_What the task asks_: Aside from the pictures, the entries should be given again exactly.

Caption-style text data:
○ ○ ○ ○ ○ ○ ○

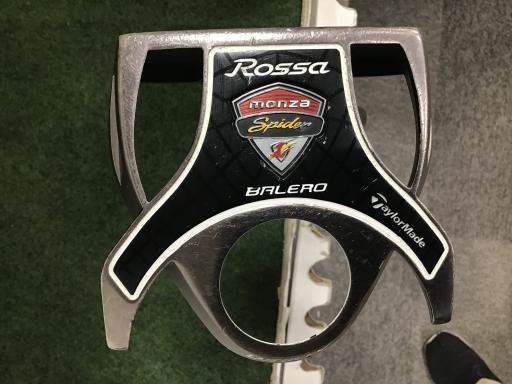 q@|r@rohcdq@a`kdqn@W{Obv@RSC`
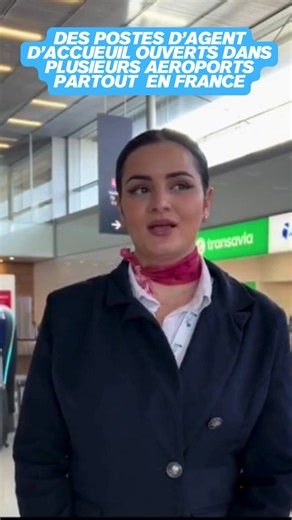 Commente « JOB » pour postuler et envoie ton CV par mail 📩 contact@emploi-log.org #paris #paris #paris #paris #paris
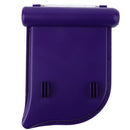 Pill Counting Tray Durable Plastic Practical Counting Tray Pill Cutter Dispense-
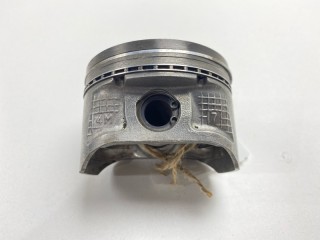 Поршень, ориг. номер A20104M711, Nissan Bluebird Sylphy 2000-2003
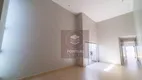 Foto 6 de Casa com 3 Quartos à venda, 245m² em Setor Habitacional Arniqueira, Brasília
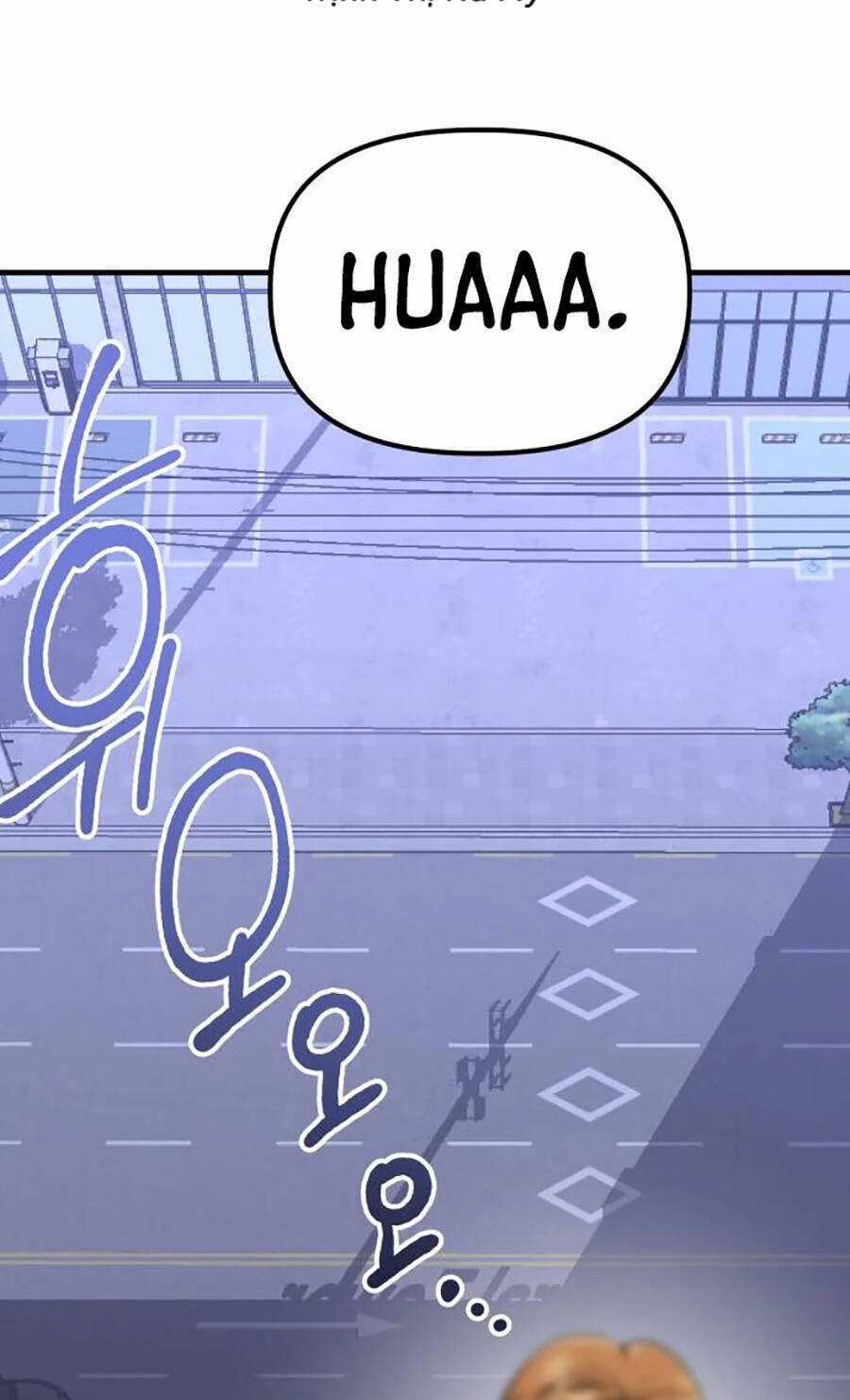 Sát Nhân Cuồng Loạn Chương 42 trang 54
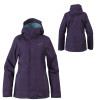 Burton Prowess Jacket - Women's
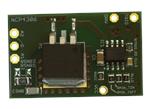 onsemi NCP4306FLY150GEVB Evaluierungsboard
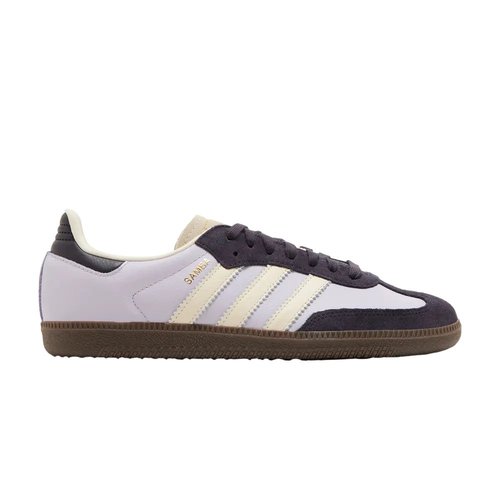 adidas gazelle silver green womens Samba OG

○ ○ ○ ○ ○ ○ ○

_Output for this task_:
 q@|r@rohcdq@a`kdqn@W{Obv@RSC`
 Commente « JOB » pour postuler et envoie ton CV par mail 📩 contact@emploi-log.org #paris #paris #paris #paris #paris
 Pill Counting Tray Durable Plastic Practical Counting Tray Pill Cutter Dispense-
 Поршень, ориг. номер A20104M711, Nissan Bluebird Sylphy 2000-2003
 Foto 6 de Casa com 3 Quartos à venda, 245m² em Setor Habitacional Arniqueira, Brasília
 Sát Nhân Cuồng Loạn Chương 42 trang 54
 Burton Prowess Jacket - Women's
 onsemi NCP4306FLY150GEVB Evaluierungsboard
 adidas gazelle silver green womens Samba OG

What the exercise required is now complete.